Phoenix has been an early supporter of these technologies, thanks to the vision of the city council back in 2015. Aurora talked about reducing the 500,000 a year truck accidents and how safety is a priority. Their operators want hub-hub long distance operation due to a shortage of long-haul drivers. Aurora is expanding operations from Texas to Arizona and later to the entire US southern states in 2026. Over 3.8M miles have been logged in Texas with zero attributed collisions. Operators also get 10-13% better fuel efficiency due to less stops/idling and smoother driving.
A panel discussed the upcoming UNECE regulations that are targeted for adoption in June 2026. Regulating the entire automated driving task is an order of magnitude more complex than the functions that previous regulations have covered. A lot more testing is required for complex scenarios, and this will include virtual testing which has to match real-world scenarios. Automated driving requirements lead to safety cases and a safety management system for a specific product with documentation of goals, arguments and evidence that the system meets the safety cases and the regulations. The ADS requirements also include user integration requirements (for example to prevent misuse by the user), cybersecurity and OTA. A compliance assessment will include an audit of the safety management system and assessment of the test cases.
Fortellix discussed simulators and the fact that a methodology is required to assess the simulator. High fidelity sensor simulation is key. No accepted standard or metrics exists today to correlate sim to real-world gaps.
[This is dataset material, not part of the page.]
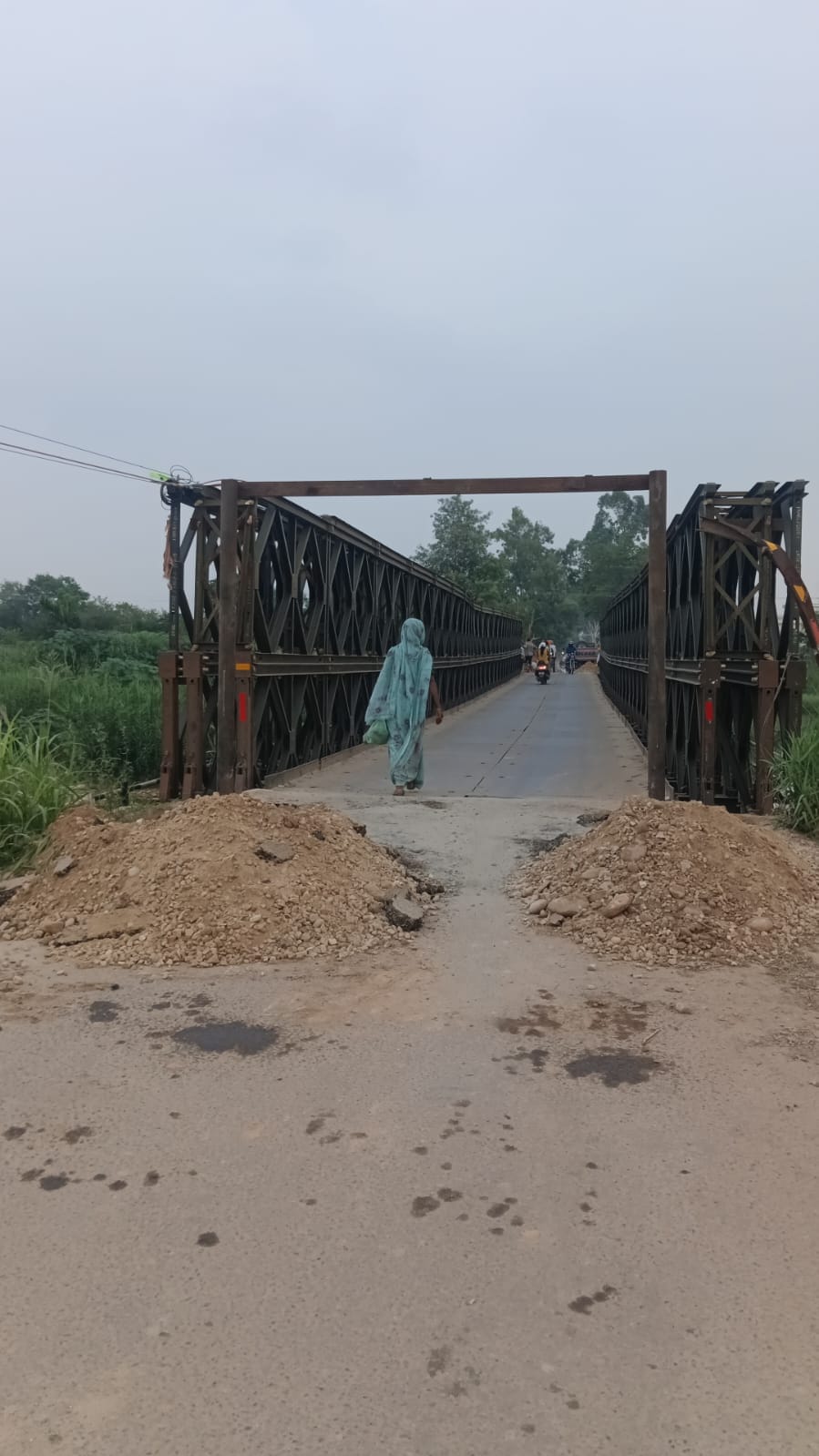 Installation of new height barriers on the Bailey bridge has begun; barriers will also be installed before the bridge.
ISO34506 is working on a standard. SAE J3279 has best practices for simulation. ASAM is launching a standard for quantifying simulation quality and EU Reg 2022/1426 has a credibility assessment framework for virtual testing toolchains.


A panel on remote assistance looked at different approaches to tele-operation. The Waymo Driver will request assistance for specific scenarios that are then handled by human operators. For example, moving past emergency vehicles partially blocking lanes. But the Automated Driving System is ultimately responsible for executing or rejecting the remote assistance suggestions. Training andcertifying remote operators is a key for safe operation along with a target for response times. AV systems should always be in control and safe – even if comms fail, for example, Nuro driver will pull over and wait in that case. Autoware has an open source model for remote assistance that has been deployed by multiple users.
Waymo reported that it is the first AV developer to complete third-party audits (by TUV SUD) for its safety case program and remote assistance operations.
An insurance panel discussed how insurers can control risk. Human drivers are insured based on past performance, however for AVs, there is not much accident data to use when writing policies. With no driver, an AV accident becomes a product liability case, with the potential for large jury awards in the US legal system. Pricing polices is a major challenge.
Benchmarking AV accident rates against human drivers is also not as simple as it seems. How do we define “good driving” ? Talking about overall accident rates is not sufficient, we need to look at specific types of accidents (and ODDs) and compare. Failure modes for AVs are different from human drivers. Perception blind spots, gaps in training data, calibration drift. What constitutes sufficient coverage ? Surrogates for accidents such as hard braking, swerving and near crashes can be used, but we need to be careful of how that correlates to actual accidents. Accident reporting also needs to be more granular for L4 vehicles. Over 80% of indicents for human drivers are not “police reportable” but have to be reported for AVs. A minor collision with a curb is very different from hitting a pedestrian. Waymo has driven over 96M miles and has 91% fewer serious injuries and 79% fewer airbag deployments than human drivers. Having passengers wear (rear) seatbelts alone can reduce the risk of serious injuries by 90%.

The Doordash DOT is operational in Phoenix for restaurant deliveries. Restaurant owners benefit because the bot reduces traffic congestion in the neighborhood, and the cool factor increases deliveries. Dashers are still better in certain domains. The bot uses lidars, radar, multiple cameras, plus microphone and ultrasound. It is Nvidia hardware based and uses internally developed software.